» Information provided:
::::::::

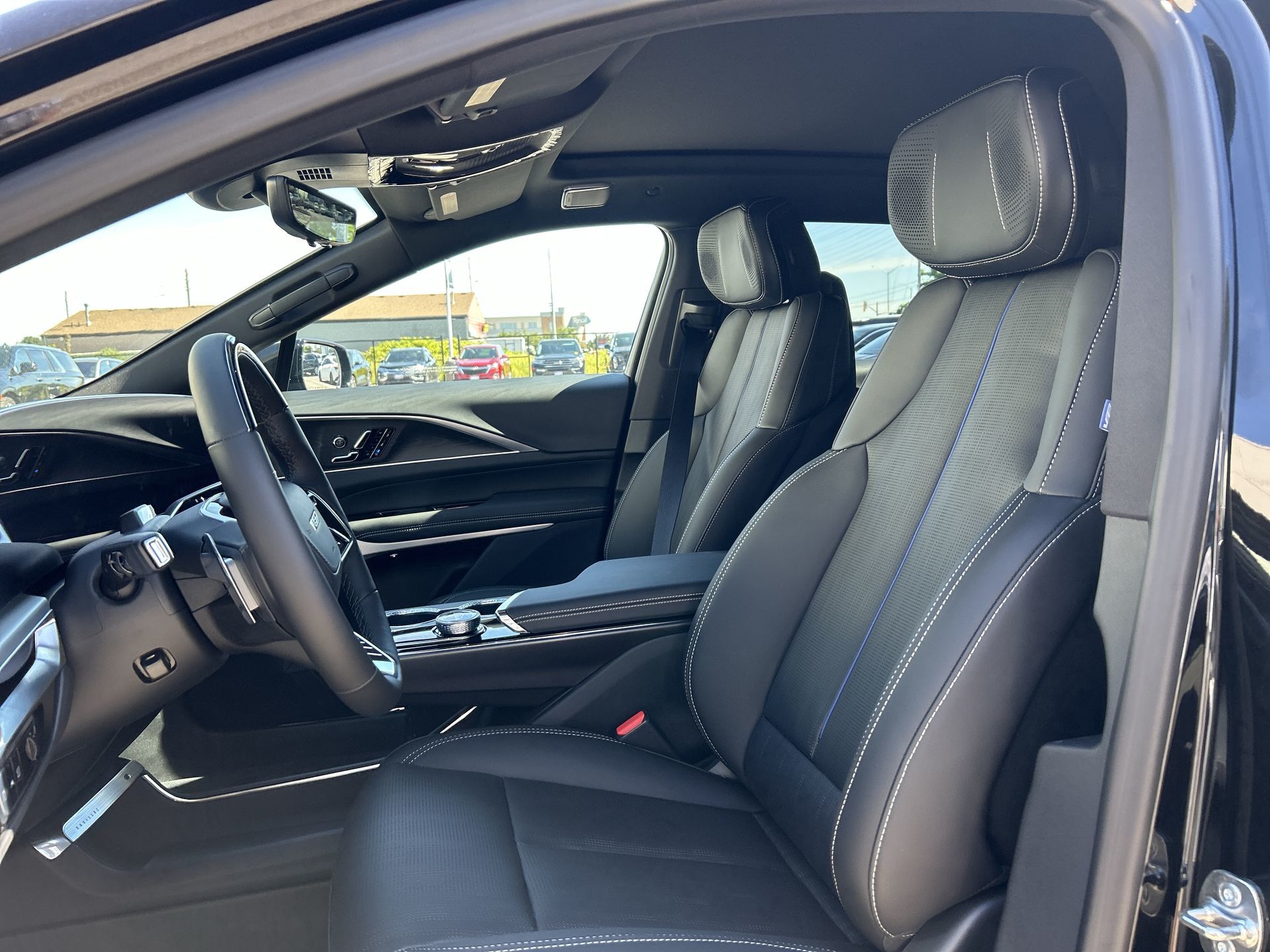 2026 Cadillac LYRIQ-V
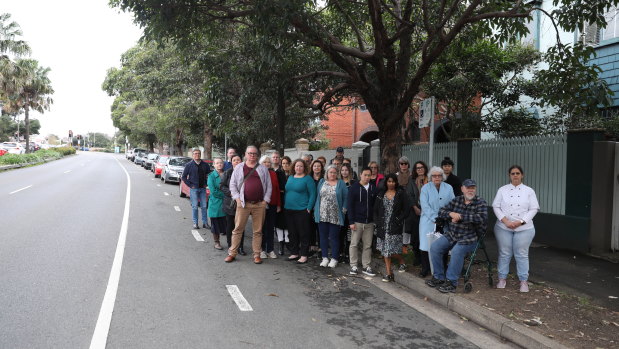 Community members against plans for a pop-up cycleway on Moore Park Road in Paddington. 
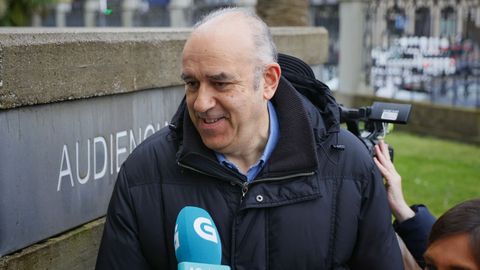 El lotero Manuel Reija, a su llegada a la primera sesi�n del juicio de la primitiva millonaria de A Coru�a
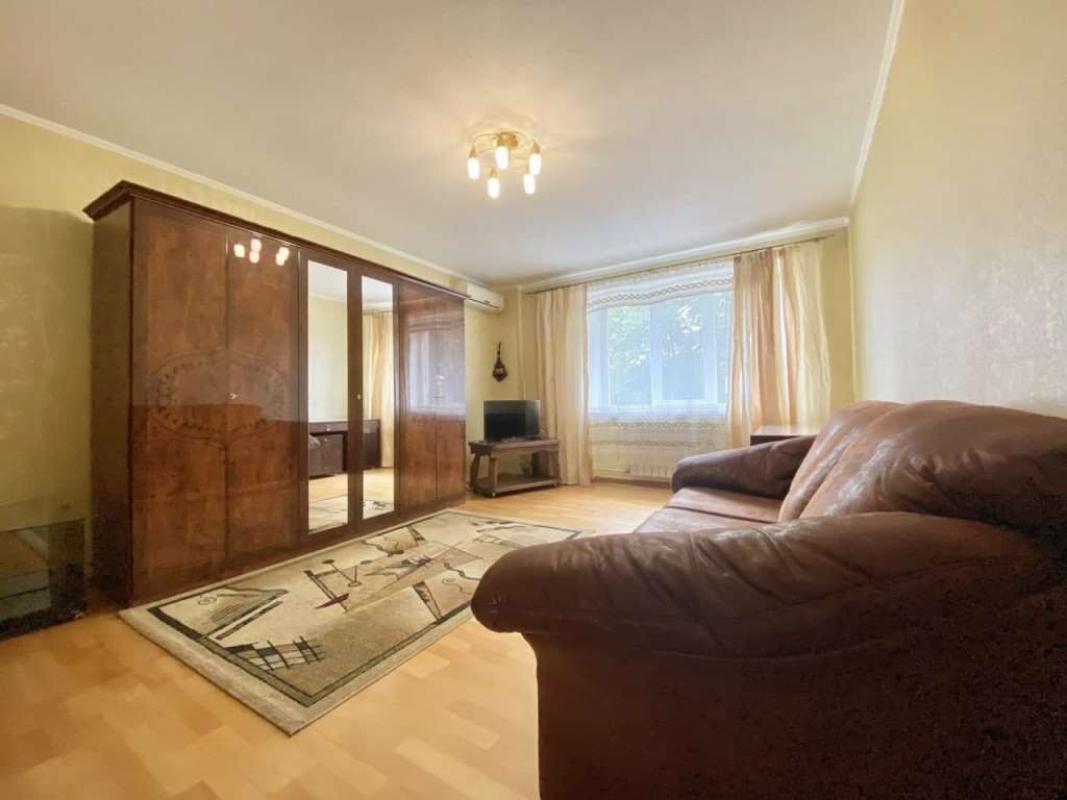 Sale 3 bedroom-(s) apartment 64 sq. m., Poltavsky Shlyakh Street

::::::::

» About this exercise: Everything from the line containing "El lotero Manuel" through the end of the data should be printed exactly, line for line, except the pictures.

» Solution to the exercise:
 El lotero Manuel Reija, a su llegada a la primera sesi�n del juicio de la primitiva millonaria de A Coru�a
 Sale 3 bedroom-(s) apartment 64 sq. m., Poltavsky Shlyakh Street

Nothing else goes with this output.